It's to do with the oddities of Top Slicing Relief isn't it?

Thanks (1)
Replying to Southwestbeancounter:
By nogammonsinanundoubledgame
11th Apr 2017 16:05

Southwestbeancounter wrote:

It's to do with the oddities of Top Slicing Relief isn't it?

Yes that is involved in it.
Of the CEG, we get
Personal savings allowance nil rate £500 @ 0% = £0.00
Basic rate £500 @ 20% = £100.00
Higher rate £19000 @ 40% = £7600.00
TOTAL (excl employment) £7700.00
Top slicing relief £3800.00
Notional tax on gain £4000.00
TOTAL deduction £7800.00

Net tax benefit from CEG = £7700.00 - £7800.00 = £100.00


Thanks (1)
By stepurhan
11th Apr 2017 16:13

It's because top-slicing relief is based on a simpler tax system. It is a straight add-back of 20% on the amounts that would be taxed at higher rates were it not for top-slicing relief. It's not taking into account that any amount is being charged at nil.

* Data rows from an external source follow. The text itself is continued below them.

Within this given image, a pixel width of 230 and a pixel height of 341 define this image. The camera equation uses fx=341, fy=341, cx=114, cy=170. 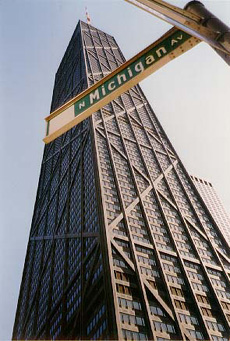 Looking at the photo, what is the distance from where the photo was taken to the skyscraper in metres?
135

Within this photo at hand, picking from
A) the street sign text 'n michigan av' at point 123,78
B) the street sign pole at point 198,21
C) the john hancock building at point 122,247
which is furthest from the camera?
the john hancock building at point 122,247

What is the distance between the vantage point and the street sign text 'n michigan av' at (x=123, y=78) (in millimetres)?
4719

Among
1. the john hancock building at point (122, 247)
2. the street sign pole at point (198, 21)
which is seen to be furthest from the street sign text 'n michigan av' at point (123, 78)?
the john hancock building at point (122, 247)

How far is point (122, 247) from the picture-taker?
56000mm

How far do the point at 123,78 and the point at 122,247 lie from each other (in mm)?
52762

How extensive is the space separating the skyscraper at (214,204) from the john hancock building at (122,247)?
1922 inches

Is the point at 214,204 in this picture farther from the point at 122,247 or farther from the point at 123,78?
the point at 123,78

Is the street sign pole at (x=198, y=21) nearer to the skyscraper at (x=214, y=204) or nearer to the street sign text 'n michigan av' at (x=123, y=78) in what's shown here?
the street sign text 'n michigan av' at (x=123, y=78)

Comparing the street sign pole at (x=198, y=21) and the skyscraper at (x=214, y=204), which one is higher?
the skyscraper at (x=214, y=204)

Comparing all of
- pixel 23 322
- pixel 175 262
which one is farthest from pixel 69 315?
pixel 23 322

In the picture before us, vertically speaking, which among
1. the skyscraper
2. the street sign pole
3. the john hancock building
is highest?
the skyscraper

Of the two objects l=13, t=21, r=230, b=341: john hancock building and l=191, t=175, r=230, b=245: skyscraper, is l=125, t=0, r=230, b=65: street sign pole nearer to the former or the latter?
l=13, t=21, r=230, b=341: john hancock building

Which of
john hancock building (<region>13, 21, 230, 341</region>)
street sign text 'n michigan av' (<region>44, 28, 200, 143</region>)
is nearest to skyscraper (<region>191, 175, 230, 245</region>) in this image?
john hancock building (<region>13, 21, 230, 341</region>)

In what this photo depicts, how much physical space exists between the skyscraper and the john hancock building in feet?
160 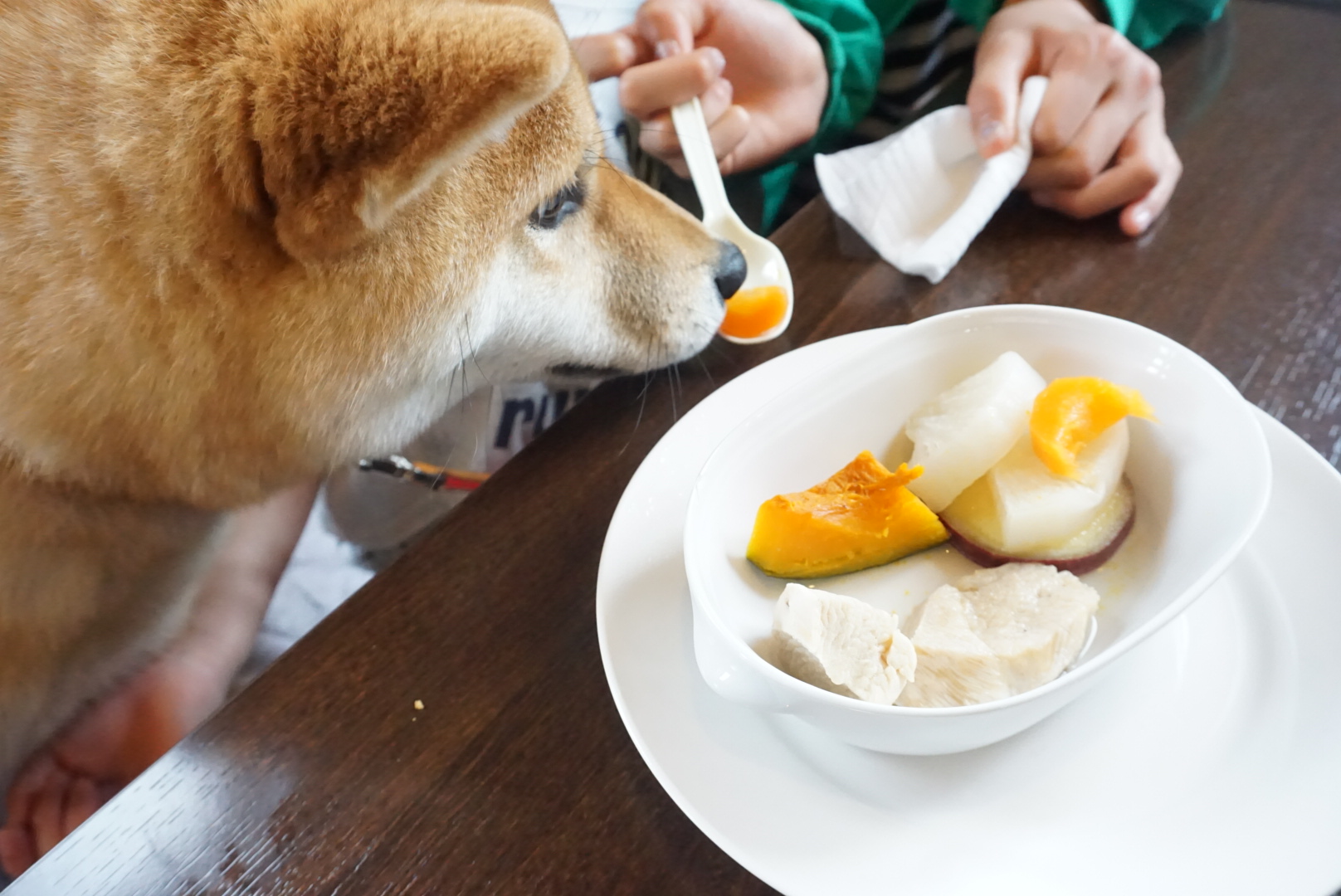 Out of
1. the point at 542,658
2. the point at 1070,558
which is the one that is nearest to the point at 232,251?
the point at 542,658

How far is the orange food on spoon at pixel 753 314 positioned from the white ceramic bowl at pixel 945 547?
19 centimetres

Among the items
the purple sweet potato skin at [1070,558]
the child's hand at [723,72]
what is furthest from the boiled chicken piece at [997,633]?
the child's hand at [723,72]

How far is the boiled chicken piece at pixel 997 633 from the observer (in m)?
0.35

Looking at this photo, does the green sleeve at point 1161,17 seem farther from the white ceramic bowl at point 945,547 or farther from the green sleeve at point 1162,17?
the white ceramic bowl at point 945,547

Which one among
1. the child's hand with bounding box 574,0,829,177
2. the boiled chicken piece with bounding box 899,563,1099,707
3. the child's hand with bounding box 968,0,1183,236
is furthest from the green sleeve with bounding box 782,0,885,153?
the boiled chicken piece with bounding box 899,563,1099,707

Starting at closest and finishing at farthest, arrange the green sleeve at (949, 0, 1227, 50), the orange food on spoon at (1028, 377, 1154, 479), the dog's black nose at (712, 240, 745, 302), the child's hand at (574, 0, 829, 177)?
the orange food on spoon at (1028, 377, 1154, 479), the dog's black nose at (712, 240, 745, 302), the child's hand at (574, 0, 829, 177), the green sleeve at (949, 0, 1227, 50)

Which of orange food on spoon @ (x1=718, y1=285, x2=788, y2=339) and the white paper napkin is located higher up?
the white paper napkin

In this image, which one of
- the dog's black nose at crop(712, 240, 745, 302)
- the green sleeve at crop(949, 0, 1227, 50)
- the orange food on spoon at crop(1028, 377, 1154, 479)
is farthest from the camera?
the green sleeve at crop(949, 0, 1227, 50)

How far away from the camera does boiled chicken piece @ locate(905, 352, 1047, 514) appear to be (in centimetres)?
43

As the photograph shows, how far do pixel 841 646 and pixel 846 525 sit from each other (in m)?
0.09

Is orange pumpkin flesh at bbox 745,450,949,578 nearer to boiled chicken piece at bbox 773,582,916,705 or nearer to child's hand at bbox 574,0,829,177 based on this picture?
boiled chicken piece at bbox 773,582,916,705

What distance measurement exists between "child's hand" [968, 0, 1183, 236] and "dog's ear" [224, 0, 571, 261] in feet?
1.58

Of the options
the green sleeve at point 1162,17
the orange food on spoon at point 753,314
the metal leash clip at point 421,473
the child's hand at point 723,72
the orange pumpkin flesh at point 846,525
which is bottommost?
the metal leash clip at point 421,473

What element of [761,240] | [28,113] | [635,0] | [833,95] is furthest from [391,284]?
[635,0] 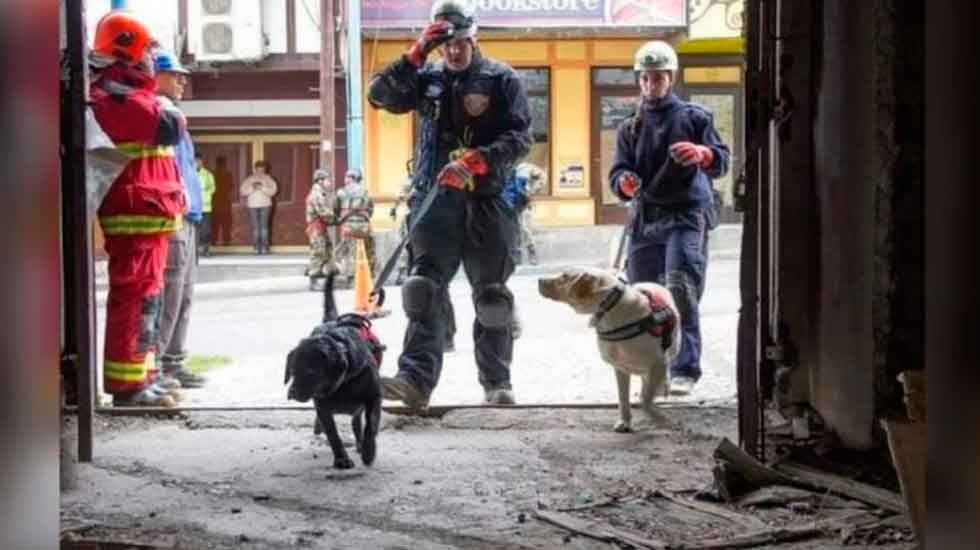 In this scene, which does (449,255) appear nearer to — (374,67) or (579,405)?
(579,405)

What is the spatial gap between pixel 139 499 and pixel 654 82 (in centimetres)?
364

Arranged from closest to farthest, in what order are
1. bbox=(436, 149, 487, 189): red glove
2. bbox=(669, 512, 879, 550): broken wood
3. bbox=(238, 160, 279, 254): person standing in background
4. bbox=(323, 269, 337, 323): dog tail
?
bbox=(669, 512, 879, 550): broken wood → bbox=(323, 269, 337, 323): dog tail → bbox=(436, 149, 487, 189): red glove → bbox=(238, 160, 279, 254): person standing in background

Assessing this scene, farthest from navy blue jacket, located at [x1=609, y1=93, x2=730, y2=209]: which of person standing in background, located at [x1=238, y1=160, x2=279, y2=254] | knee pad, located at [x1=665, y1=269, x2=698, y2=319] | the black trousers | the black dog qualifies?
person standing in background, located at [x1=238, y1=160, x2=279, y2=254]

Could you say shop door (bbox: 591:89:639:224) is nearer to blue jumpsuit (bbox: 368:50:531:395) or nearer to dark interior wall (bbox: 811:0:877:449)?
blue jumpsuit (bbox: 368:50:531:395)

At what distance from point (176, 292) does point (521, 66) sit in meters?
14.6

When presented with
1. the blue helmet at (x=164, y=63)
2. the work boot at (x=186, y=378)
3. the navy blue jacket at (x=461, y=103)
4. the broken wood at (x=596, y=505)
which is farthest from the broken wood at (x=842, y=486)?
the blue helmet at (x=164, y=63)

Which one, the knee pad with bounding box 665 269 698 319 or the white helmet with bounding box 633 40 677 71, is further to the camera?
the white helmet with bounding box 633 40 677 71

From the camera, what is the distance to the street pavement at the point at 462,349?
24.9 ft

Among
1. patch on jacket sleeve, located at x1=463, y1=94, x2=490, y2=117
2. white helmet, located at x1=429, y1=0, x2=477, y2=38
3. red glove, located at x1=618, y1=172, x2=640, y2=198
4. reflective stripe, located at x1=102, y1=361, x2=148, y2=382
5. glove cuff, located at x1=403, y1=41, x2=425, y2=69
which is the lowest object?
reflective stripe, located at x1=102, y1=361, x2=148, y2=382

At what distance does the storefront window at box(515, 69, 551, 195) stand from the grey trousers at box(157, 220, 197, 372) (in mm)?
14065

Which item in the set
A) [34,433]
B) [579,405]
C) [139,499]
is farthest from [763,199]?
[34,433]

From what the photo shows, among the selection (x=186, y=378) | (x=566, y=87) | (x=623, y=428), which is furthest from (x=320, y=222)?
(x=623, y=428)

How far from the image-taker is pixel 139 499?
4.91 metres

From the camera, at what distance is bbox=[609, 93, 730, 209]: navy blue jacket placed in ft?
23.6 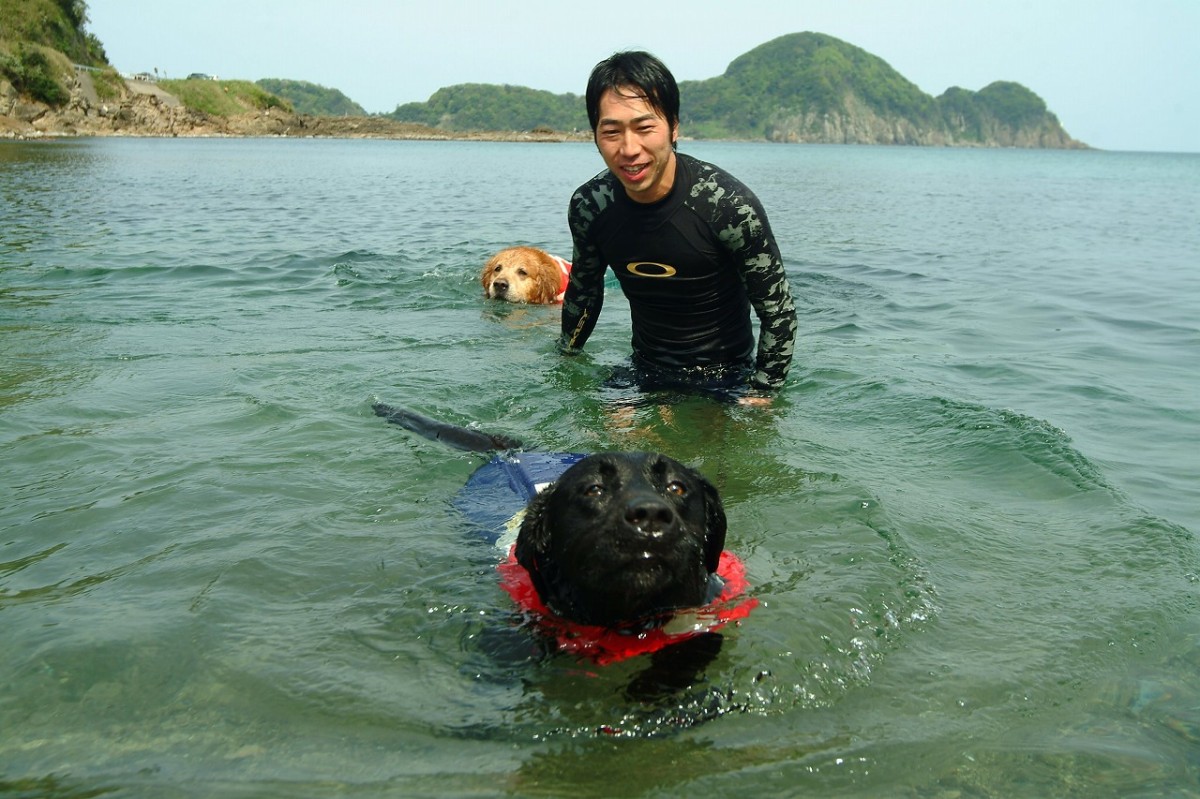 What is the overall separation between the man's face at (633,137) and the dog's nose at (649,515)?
103 inches

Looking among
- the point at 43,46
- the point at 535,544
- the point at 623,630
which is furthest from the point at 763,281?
the point at 43,46

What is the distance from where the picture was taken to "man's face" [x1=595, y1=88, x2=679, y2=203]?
5281mm

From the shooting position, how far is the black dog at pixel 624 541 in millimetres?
3234

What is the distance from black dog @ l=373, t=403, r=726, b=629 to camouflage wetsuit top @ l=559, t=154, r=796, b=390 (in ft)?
7.91

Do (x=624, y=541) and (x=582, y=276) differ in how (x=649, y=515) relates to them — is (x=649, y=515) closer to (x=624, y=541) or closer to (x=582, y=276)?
(x=624, y=541)

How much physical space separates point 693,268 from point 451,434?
179cm

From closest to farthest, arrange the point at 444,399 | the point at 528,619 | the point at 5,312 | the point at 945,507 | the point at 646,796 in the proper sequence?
the point at 646,796
the point at 528,619
the point at 945,507
the point at 444,399
the point at 5,312

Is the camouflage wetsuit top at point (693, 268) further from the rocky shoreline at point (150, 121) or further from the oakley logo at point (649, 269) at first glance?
the rocky shoreline at point (150, 121)

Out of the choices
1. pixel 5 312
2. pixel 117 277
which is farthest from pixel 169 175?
pixel 5 312

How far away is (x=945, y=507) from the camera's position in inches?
205

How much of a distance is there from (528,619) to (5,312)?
775 cm

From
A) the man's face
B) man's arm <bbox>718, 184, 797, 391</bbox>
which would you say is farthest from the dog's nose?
man's arm <bbox>718, 184, 797, 391</bbox>

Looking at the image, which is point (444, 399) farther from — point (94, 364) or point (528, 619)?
point (528, 619)

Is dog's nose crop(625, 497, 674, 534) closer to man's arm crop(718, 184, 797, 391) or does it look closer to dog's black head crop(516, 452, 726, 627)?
dog's black head crop(516, 452, 726, 627) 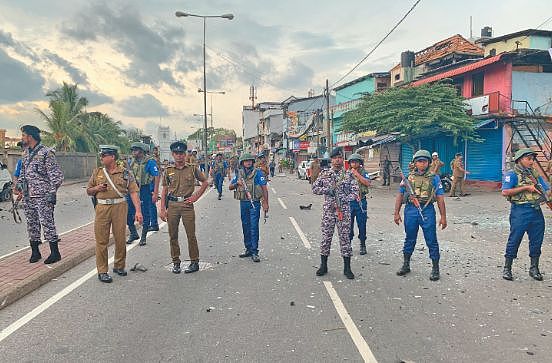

You get the same effect when you have gift aid payments that extend the basic rate band. Top-slicing relief calculates expecting the normal basic rate band. Chargeable event gain can therefore end up lowering the tax bill in a similar fashion.

Thanks (2)
By Paul D Utherone
11th Apr 2017 17:26

Is this one of the 3 new exclusions for electronic filing I understand HMRC have issued today? It's not 50 on the list - - but they seem to be having problems with interactions this year.

Your 3rd party software has to follow the HMRC calculation to validate at the Gateway, but there a issues arising for 2016-17

Thanks (1)
By nogammonsinanundoubledgame
11th Apr 2017 17:58

I reckon they would do well to have a dedicated box on the tax return for you to enter the "exclusion case number" when filing by paper :)

Thanks (1)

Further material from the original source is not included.